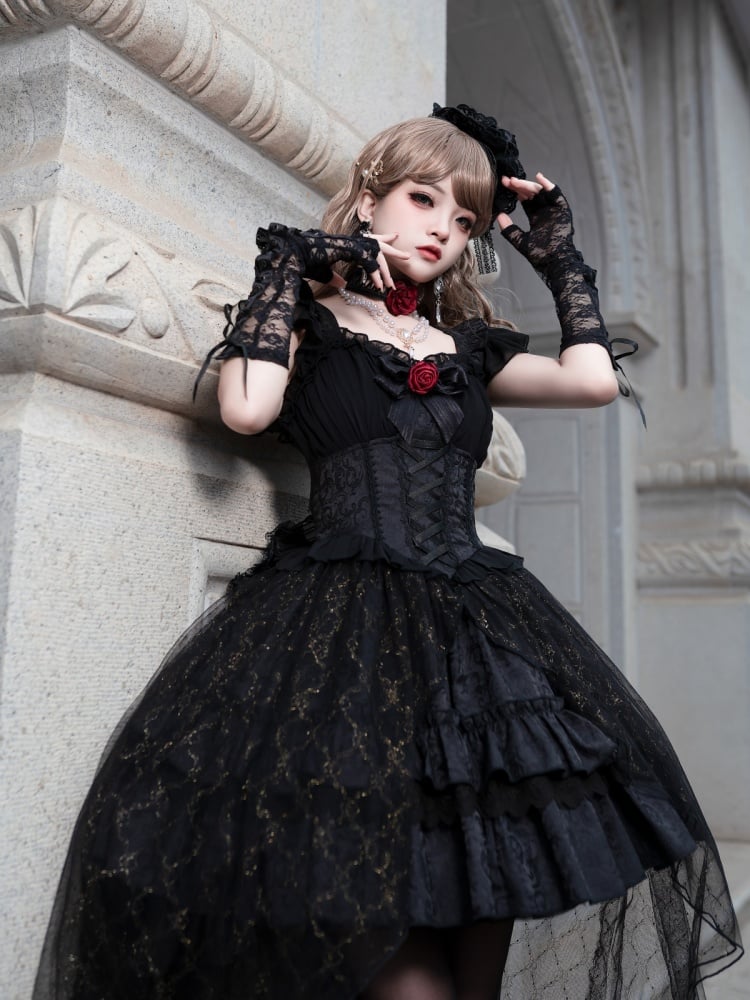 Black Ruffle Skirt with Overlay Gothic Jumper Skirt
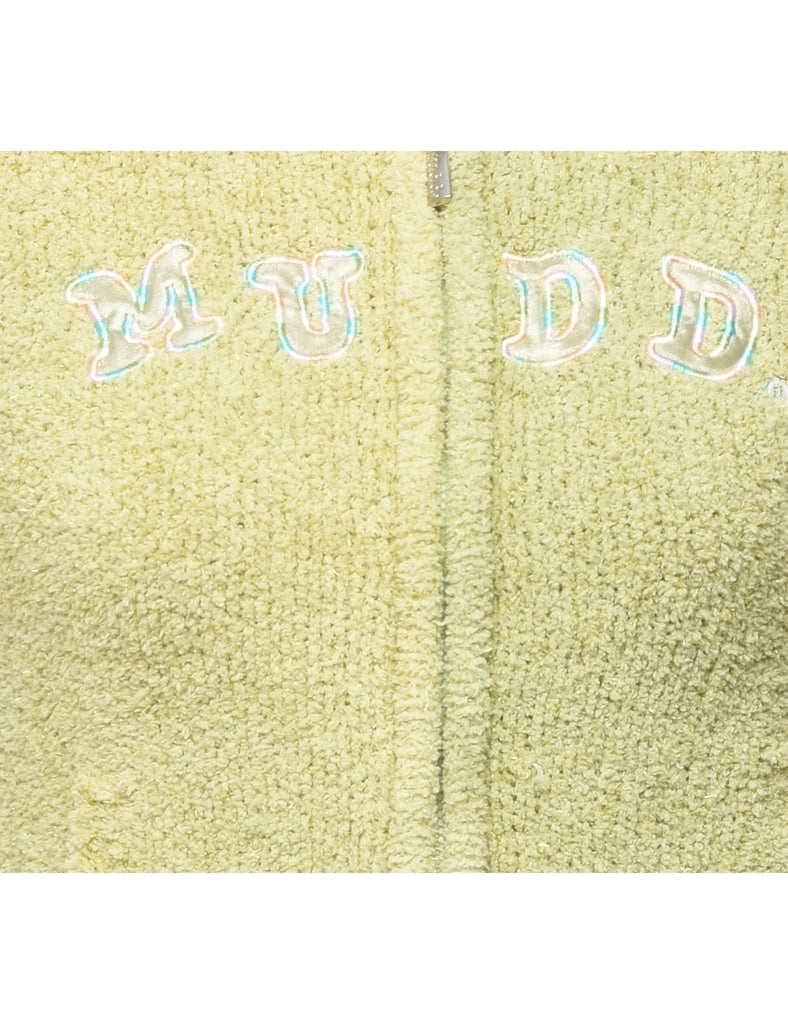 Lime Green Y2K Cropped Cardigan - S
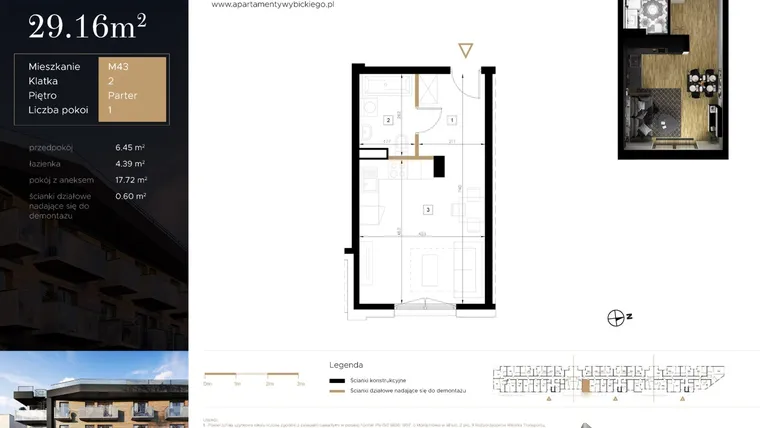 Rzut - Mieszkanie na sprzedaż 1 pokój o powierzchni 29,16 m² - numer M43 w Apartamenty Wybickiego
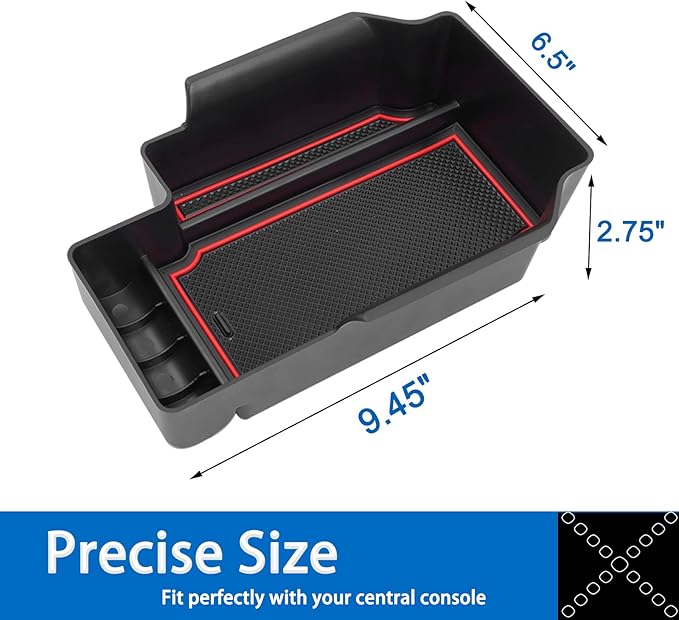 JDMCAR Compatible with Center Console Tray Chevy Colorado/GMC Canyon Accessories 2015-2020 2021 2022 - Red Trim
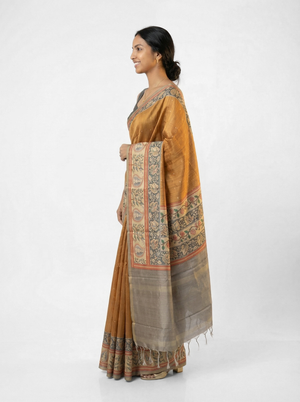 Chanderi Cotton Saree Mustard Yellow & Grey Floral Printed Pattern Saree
====
* **Task statement**: All records above need to be returned exactly. Omit the pictures.

* **Result**:
 Black Ruffle Skirt with Overlay Gothic Jumper Skirt
 Lime Green Y2K Cropped Cardigan - S
 Rzut - Mieszkanie na sprzedaż 1 pokój o powierzchni 29,16 m² - numer M43 w Apartamenty Wybickiego
 JDMCAR Compatible with Center Console Tray Chevy Colorado/GMC Canyon Accessories 2015-2020 2021 2022 - Red Trim
 Chanderi Cotton Saree Mustard Yellow & Grey Floral Printed Pattern Saree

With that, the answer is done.